Global shares plunge on unremitting economic gloom

Thursday, 22 September 2011 03:24

Global stock markets have fallen sharply in trading today following a raft of gloomy economic announcements over the past two days.

Yesterday, the International Monetary Fund (IMF) published its bi-annual Global Financial Stability Report, warning that banks are vulnerable and need to bolster their levels of capital. This followed Tuesday’s IMF action of cutting of growth forecasts for all developed countries except for Germany and Canada in 2012.

Yesterday, the US Federal Reserve issued a downcast report on the US economy, saying, “there are significant downside risks to the economic outlook, including strains in global financial markets." The launch of Operation Twist failed to calm the markets.

Today saw the latest leading economic organisation, The World Bank, issue its own summary of events. Robert Zoellick, President of the World Bank commenting on the global economy, said: “It is in a danger zone,” though he also said that a double-dip recession was unlikely.

However, he added: "My confidence in that belief is being eroded daily by the steady drip of poor economic news. Delays will narrow choice and make them more costly - we all have a stake in this succeeding."

The combined rhetoric sent global shares spiralling downwards. By 3pm UK time, the FTSE 100 was down by 4.95 per cent or 262 points, hovering at 5,026.81. The French Cac-40 fell by 5.05 per cent to sit at 2787.45. Meanwhile, the German Dax was down by 4.58 per cent at 5,187.22.
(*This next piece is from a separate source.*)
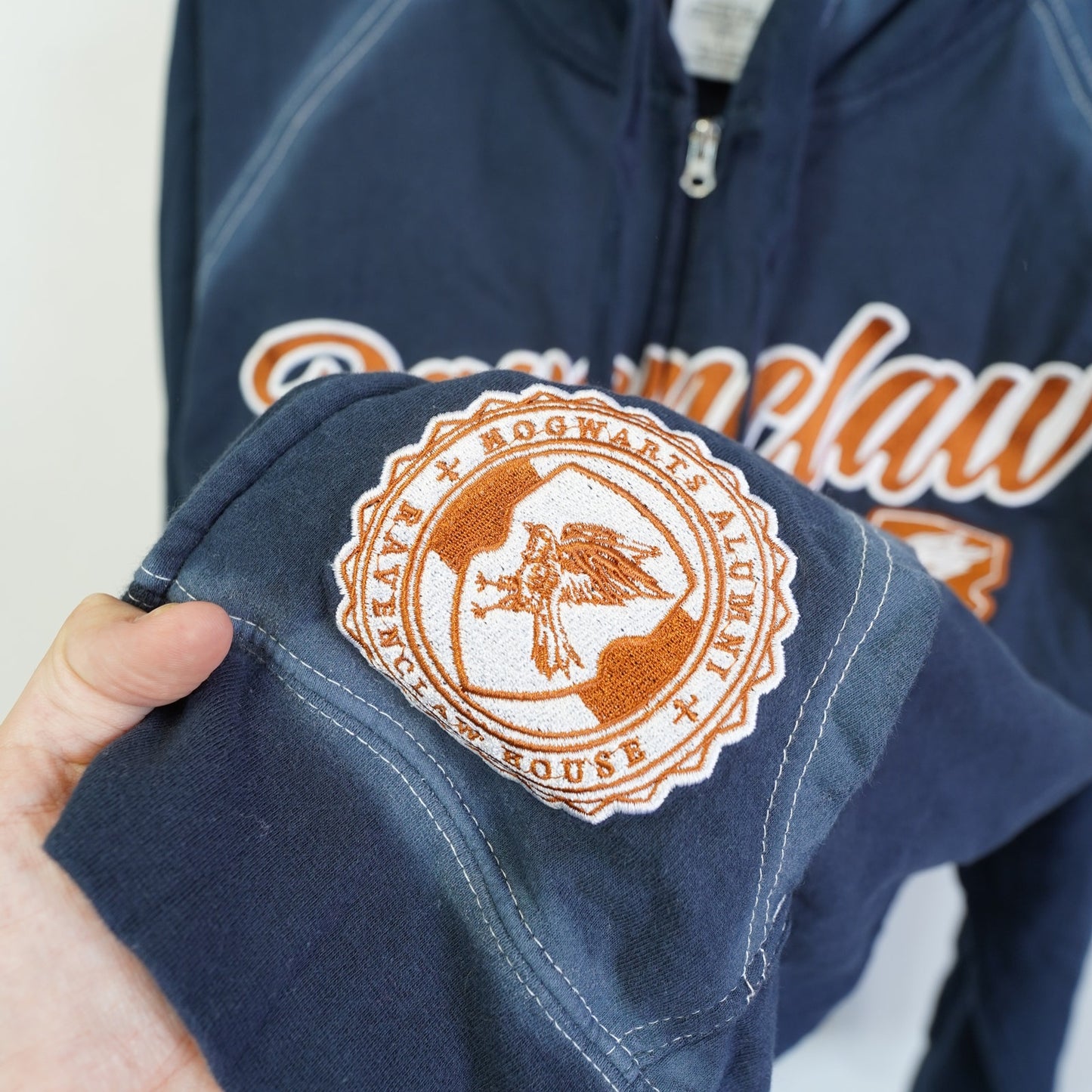 Ravenclaw Embroidered Harry Potter Full Zip Hoodie Unisex L Blue Lunchbox Sewn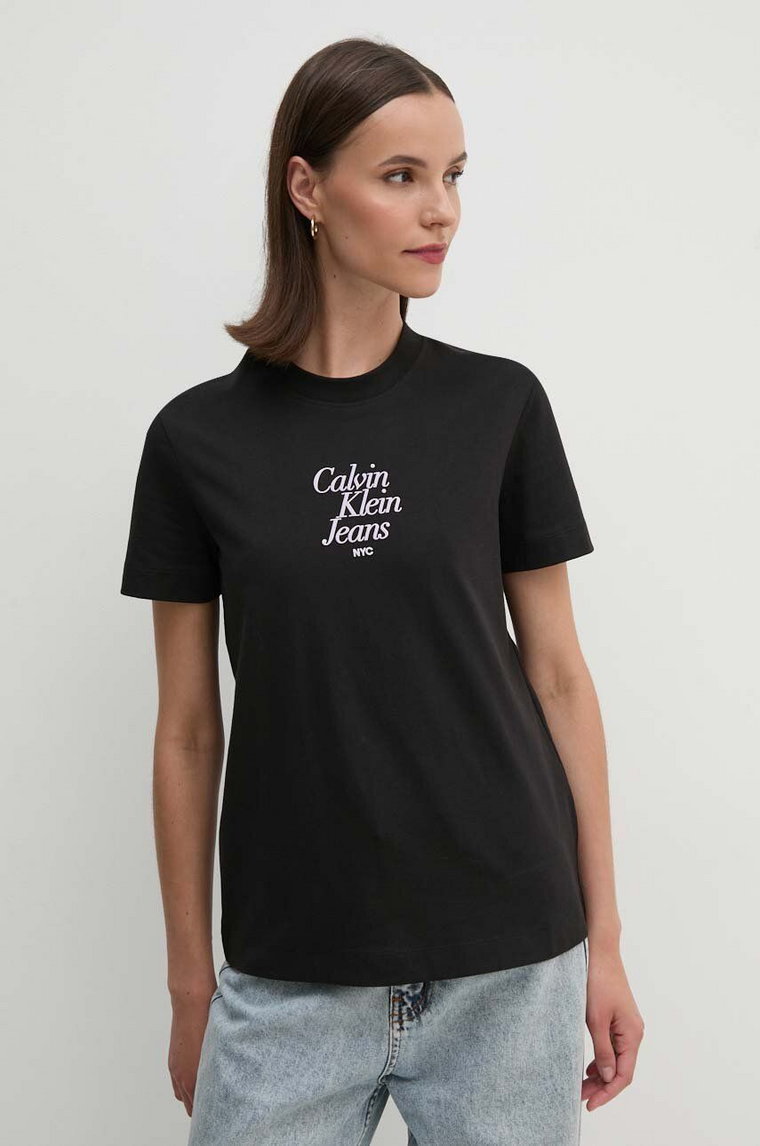 Calvin Klein Jeans t-shirt bawełniany damski kolor czarny J20J224890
In early trading in the US markets, the Dow Jones immediately fell and had dropped by 363 points to stand at 10761.34.

Many analysts believe that the market reaction to various policy initiatives by policymakers across the globe are a sign that, whether it be the Federal Reserve’s action of buying up longer term debt, or the eurozone’s bond-buying programme, traders believe political leaders have run out of ammunition and whatever they do is to little effect.

Today, the UK and six other G20 countries have written to the G20’s current President, France, calling for concerted, authoritative and immediate action to curtail the threat to the global economy from the economic debt crisis in the US and the eurozone.